Traditionally, interim providers are judged on their ability to provide the right interim executive for a given situation. Customer service levels, personal relationships, pricing and so on all play a part, but ultimately the key metric is whether they deliver the right people.
Of course finding the right interim manager is vital – and I don’t mean to devalue this part of the process – but it’s not the whole story. Instead, should we not be measuring the business value of the outcomes delivered? And if so, should we, as the interim provider, not be measured in the same way?
Transforming the model would unlock the true potential of the interim market
In the majority of situations, the value of an interim executive to a business can be measured as a return on investment. The financial cost of an interim is transparent and easy to calculate.
Typically, Interims are brought in to deliver major change and transformation programmes. This can come in many shapes and sizes, and the business case should provide the tangible financial benefits that will be achieved as a result. If we can attribute financial value to the outcomes on an Interim’s work, we can measure this against their cost to calculate the return.
At NSCG, we have developed ROI (Return on Interim). The concept and the technology that support it take the first step in transforming the model. Rather than focusing purely on identifying the right interim executives for our clients, we also measure the outcomes delivered, meaning the client can measure the return and be sure that they are spending wisely.
We work with our clients to understand what good looks like for each interim assignment. We then benchmark what great looks like and consider the difference between good and great in terms of tangible value to the business.
The key objectives are broken down into specific time-bound milestones, each with a weighted importance. Our ROI system then enables the client and interim manager to quickly and easily monitor performance against target over the course of the assignment.
Could we take this further so that everyone has skin in the game? Should we, as interim providers, develop a business and a pricing model that deliver more value to all stakeholders?
Bonuses for permanent executives are commonplace as an incentive to drive results. Should we build an equivalent Interim model that ensures all parties benefit when outstanding results are achieved?
How it can work
To give a real life example, I previously supplied a team of interims for a Fortune 100 company that was embarking on a five year global transformation programme. A key requirement was to ensure continuity of resource. The client could not afford to lose leaders or managers during the programme, as they would lose critical knowledge from earlier phases. We took ownership of team bonding and ensured continuity throughout the programme.
To drive the right behaviours and ensure the success of the programme, we agreed a pricing model that incentivised us and our Interims to deliver. Our interims sacrificed a percentage of their daily rate. Then, each stage gate approval came with a bonus (paying out more than the original rate reduction). Finally, when the transformation completed successfully, the client paid out a significant sum to us as the provider, as well as our interims.

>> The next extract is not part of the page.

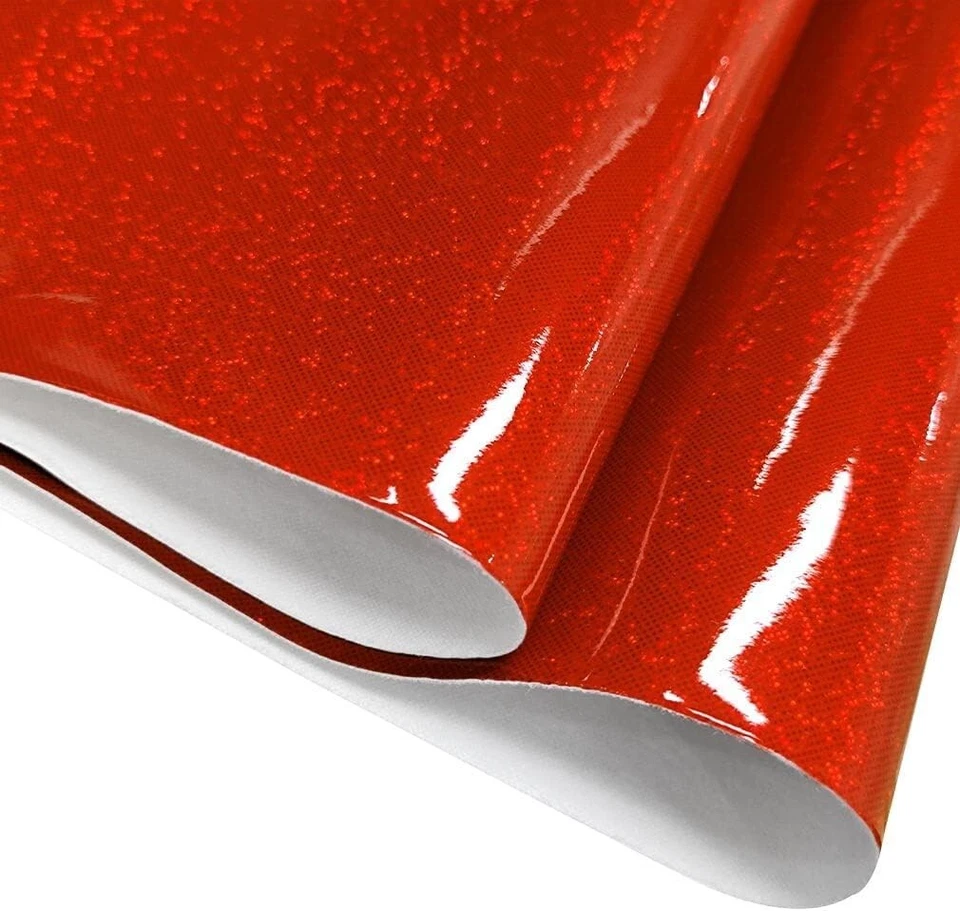 Rollo de tela de imitación de cuero PU rojo cristal flash láser holográfico, 12''X53'', nuevo en caja Foto 2 de 4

Risk shared, reward shared.
Why this model worked
The total cost to the client came in at 40% less than the management consultancy alternative. It also meant our client had flexibility of cost in that they only paid a premium if we (both the interim and the interim provider) were successful. The model ensured the client and the interims were all focused on one goal – delivering the necessary outcomes to achieve value for the business. It drove us to work collaboratively and continuously with our client and interims to ensure continuity. It incentivised our interims to work harder and deliver better.
Is it time to look at an outcome and value based model rather than one simply based on a number of days? Does this move us into the world of consulting? Are there just too many variables client side to warrant the risk of rate and margin erosion for interim and interim provider alike?
I believe ROI is a critical step in the development of outcome based models for interims and interim providers. Could it help transform an industry that has not changed much in the last 10–20 years? I think so, and I’d love to hear your thoughts.